1. Loosen a bolt on any one of the spring clamp blocks (preferably a lower bolt), very gradually, approximately one-half turn until the straight line driver either speeds up or slows down. If it speeds up, it is over-sprung. If it is over-sprung, the thinnest spring from the spring pack with the most springs must be removed. If after this change, there is an under-sprung reading (if the unit slows down when a bolt is loosened), thinner springs must be added back to the spring pack with the least number of springs. It should be slightly under-tuned, but the degree of under-tuning must be established.
2. f the straight line driver indicates that it is still improperly tuned after a spring has been added, or removed, repeat #1 until the proper tuning is achieved (it is not necessary to have the same number of springs in each pack).

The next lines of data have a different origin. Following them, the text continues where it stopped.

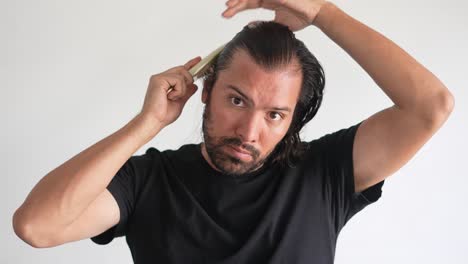 man-using-brush-on-his-head-with-baldness,-Hair-strands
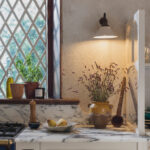 Closeup of cream Arbor kitchen cabinetry featuring brass handles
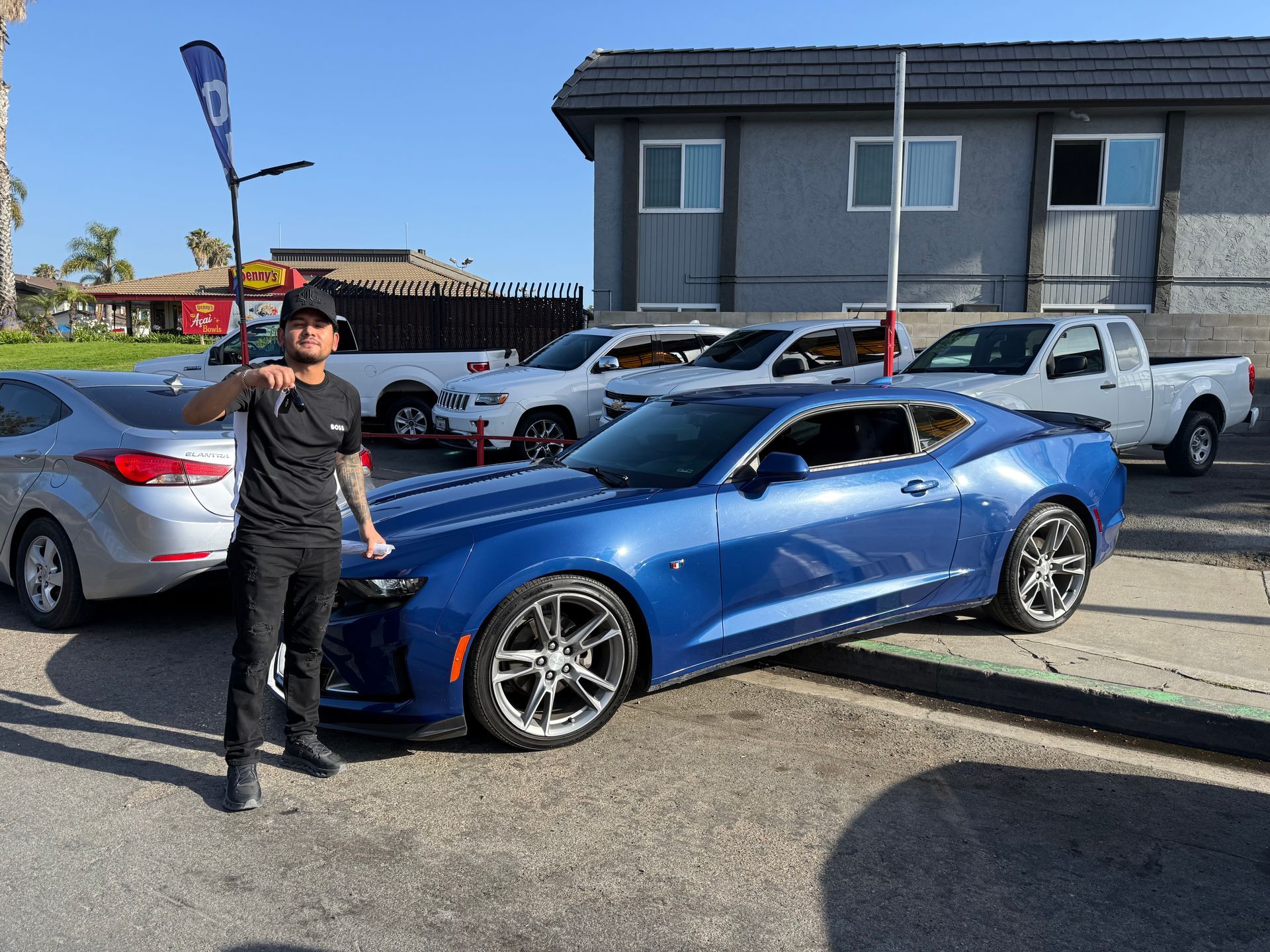 Person standing beside a blue sports car in a parking lot near a gray building.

3. Make sure the bolts are long enough to fasten the springs to the spring hangers. If springs have been added, there will be less threads to hold them. When tightened, the threads may strip and the unit will give a false tuning reading. Most of the holes for these bolts are blind, therefore if a long bolt is used, that bottoms out, it will seem to be tight when it actually is not. It is very difficult to check the tuning of a straight line driver until this factor has either been ruled out or remedied.
4. Another factor that affects tuning is the stretching of the bolts that fasten the tuning springs. We use grad '5' bolts, which are specially hardened for durability. Make sure that all spring bolts and "hold down" bolts and nuts are tight.
5. Another problem can result by omitting the thin shim (spring spacer) between the springs when springs are changed or added. These spacer shims are very important. If one is omitted, it has the same effect as adding springs, thus tuning cannot be checked properly. If a shim is not available, one should be made and installed. Don't take the easy way out and try to get by without it. This will only cause more problems later.
6. If a vibratory straight line has a dead spot at either end, it may be eliminat4d by placing extra spring spacers between the spring and the casting. If the front end of the driver is running too slow, add spacers under the lower end of the front spring pack. If the rear of the driver is running too slow, add spacers under the top end of the rear spring pack. Sometimes by changing the number of springs in the lower spring packs (the vertical springs), the feed motion can be improved.